RE: [PATCH v2:3/3]Export cpu topology by sysfs

From: Zhang, Yanmin <>
Date: 2005-12-29 00:46:11
>>-----Original Message-----
>>From: Nathan Lynch []
>>Sent: 20051228 5:20
>>To: Yanmin Zhang
>>Cc:;;;; Siddha, Suresh B; Shah, Rajesh;
>>Pallipadi, Venkatesh; Zhang, Yanmin
>>Subject: Re: [PATCH v2:3/3]Export cpu topology by sysfs
>>Yanmin Zhang wrote:
>>> Items (attributes) are similar to /proc/cpuinfo.
>>> 1) /sys/devices/system/cpu/cpuX/topology/physical_package_id:
>>> represent the physical package id of  cpu X;
>>> 2) /sys/devices/system/cpu/cpuX/topology/core_id:
>>> represent the cpu core id to cpu X;
>>> 3) /sys/devices/system/cpu/cpuX/topology/thread_id:
>>> represent the cpu thread id  to cpu X;
>>So what is the format of the *_id attributes?  Looks like this is
>>determined by the architecture, which is okay, but it doesn't seem
The type of *_id is int or u8 (like on x86_64). It's better to convert the value to int.

>>What about sane default values for the *_id attributes?
It depends on the specific architectures. On i386/x86_64, the default vaules of *_id are 0xffu. On ia64, the default value of physical_package_id is -1.

  For example,
>>say I have a uniprocessor PC without HT or multicore -- should all of
>>these attributes have zero values, or some kind of "special" value to
>>mean "not applicable"?
This feature is disabled when CONFIG_SMP=n. I can't make decision that all arch should use the same default values, so let architectures to decide. Is it ok?

>>Hmm, why should thread_id be exported at all?  Is it useful to
>>userspace in a way that the logical cpu id is not?
Just to make it clearer. Of course, physical_package_id /core_id/ logical cpu id could tell enough info like thread id.

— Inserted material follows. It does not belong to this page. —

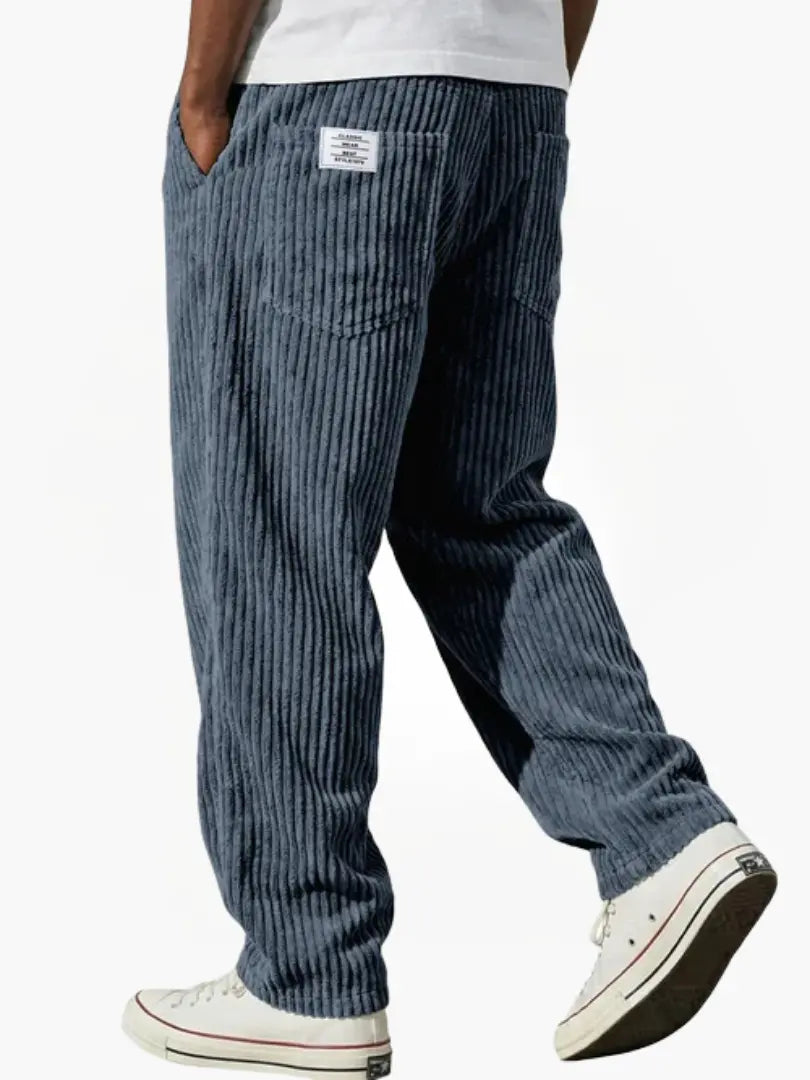 BENZ | Hochwertige Cordhose für den modernen Mann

>>> 4) /sys/devices/system/cpu/cpuX/topology/thread_siblings:
>>> represent the thread siblings to cpu X in the same core;
>>> 5) /sys/devices/system/cpu/cpuX/topology/core_siblings:
>>> represent the thread siblings to cpu X in the same physical package;
>>> If one architecture wants to support this feature, it just needs to
>>> implement 5 defines, typically in file include/asm-XXX/topology.h.
>>> The 5 defines are:
>>> #define topology_physical_package_id(cpu)
>>> #define topology_core_id(cpu)
>>> #define topology_thread_id(cpu)
>>> #define topology_thread_siblings(cpu)
>>> #define topology_core_siblings(cpu)
>>> The type of siblings is cpumask_t.
>>> If an attribute isn't defined on an architecture, it won't be
>>> exported.
>>Okay, but which combinations of attributes are valid?  E.g. I would
>>think that it's fine for an architecture to define topology_thread_id
>>and topology_thread_siblings without any of the others, correct?
I think topology_physical_package_id/topology_core_id/topology_core_siblings are also needed. For example, admin might want to bind some processes to specific physical cpu, or core.

>>Also I'd rather the architectures have the ability to define these as
>>functions instead of macros.
It's easy. The architectures just need the defines to point to functions in their specific header files, typically in file include/asm-XXX/topology.h.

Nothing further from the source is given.